Saturday, July 3, 2010

Review: King Lear (2008 RSC version)

So I just watched The Royal Shakespeare Company 2008 production of King Lear, starring Sir Ian McKellan in the title role.

This production is one of those fusion set designs I love with modern Shakespeare productions -- Half Renaissance, half Russian Revolution, WWII undertones. It was an interesting mix and choice of costumes.

For those of you who don't know what the play is about (I'd never read/seen it before tonight), King Lear abdicates his throne and divides (or doesn't) his empire between his three daughters. Drama ensues. There's treachery in Lear's house, treachery in the Earl of Gloucester's house, intrigue and bids for power and back-stabbing. It's messed up, but not as bad as some Shakespeare (I tend to think he, like Robert Heinlein, went wonky as he aged with some of his later works).

It being Shakespeare, there are far better and more complete reviews out there than mine, but my opinions:

1. Sir Ian rocks the house. This is fact.

2. I'm still not sure if the opening scene is evidence of Lear's hubris or his dementia. A degree of pride is expected in royalty, but the falling out with Cordelia (who I totally agreed with) and Kent seemed excessive. He learned his lesson about ass-kissers, though.

3. The actor who played Edmund, Philip Winchester, was a nice bit of eye candy, treacherous as Edmund was. I could totally see why the sisters fought over him, and the duel with Edgar at the end, with Goneril's guttural scream -- well played, madame.

4. The scene with Lear and the Earl of Gloucester, out on the moor, was wrenching and horrid and what angst is all about -- take notes, aspiring authors. That's hitting the bottom and looking up at the sun through thirty feet of water, still holding your breath and struggling to get back up there as you get weaker with every stroke. You know how this is going to end: you go down fighting.
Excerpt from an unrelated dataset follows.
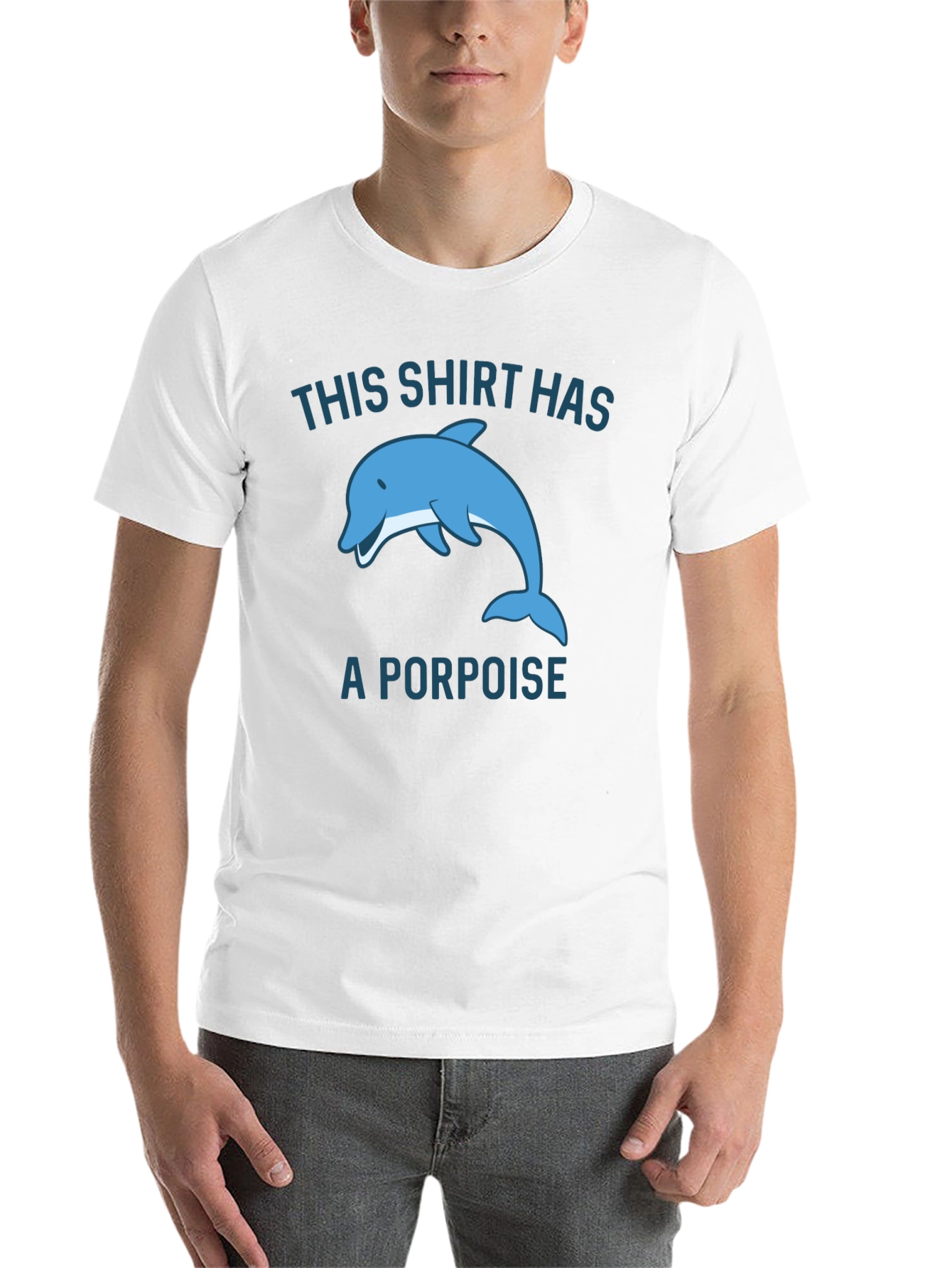 Black Funny Porpoise Graphic T-Shirt view 14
5. I think what I loved most about this production is that there was high passion in every scene, with shifting loyalties for some and steadfast loyalty from others, and each actor was real and believable. I've read and watched quite a few of Shakespeare's works (Titus Andronicus, the Julie Taymor theatrical version, is probably my favorite) and I think this is what makes him so enduring--

It comes down to loyalty and love, and when Kent walks off with gun in hand at the end, you don't question that he's going to follow his king -- "I have a journey, sir, shortly to go; My master calls me, I must not say no." -- That's who he is, and without his lord, he has nothing. It's an age of fealty to one man, one king, and the willingness to endure any suffering or humiliation to serve that man's best interests. It means telling the truth, even when you'll be shunned, and watching over him as a servant if you have to, re-molding yourself into someone you don't recognize anymore to protect your king. And when that man dies, there are no replacements. You swore to serve only him, for better or worse, whether he wins or loses, and his journey's end is your own. There is no swearing allegiance to the victor -- Your fate is your king's.

Of all the Shakespeare works I've read/seen, this is the most weary one, where you see all this unfolding, an old man slowly falling apart, families broken, and at the end, you want to give him peace. You agree when Kent commands "Vex not his ghost: O, let him pass!"

My favorite lines were the end:

The weight of this sad time we must obey;
Speak what we feel, not what we ought to say.
The oldest hath borne most: we that are young
Shall never see so much, nor live so long.

Speak what we feel and accept the consequences, good or bad. Honesty, integrity, loyalty, love.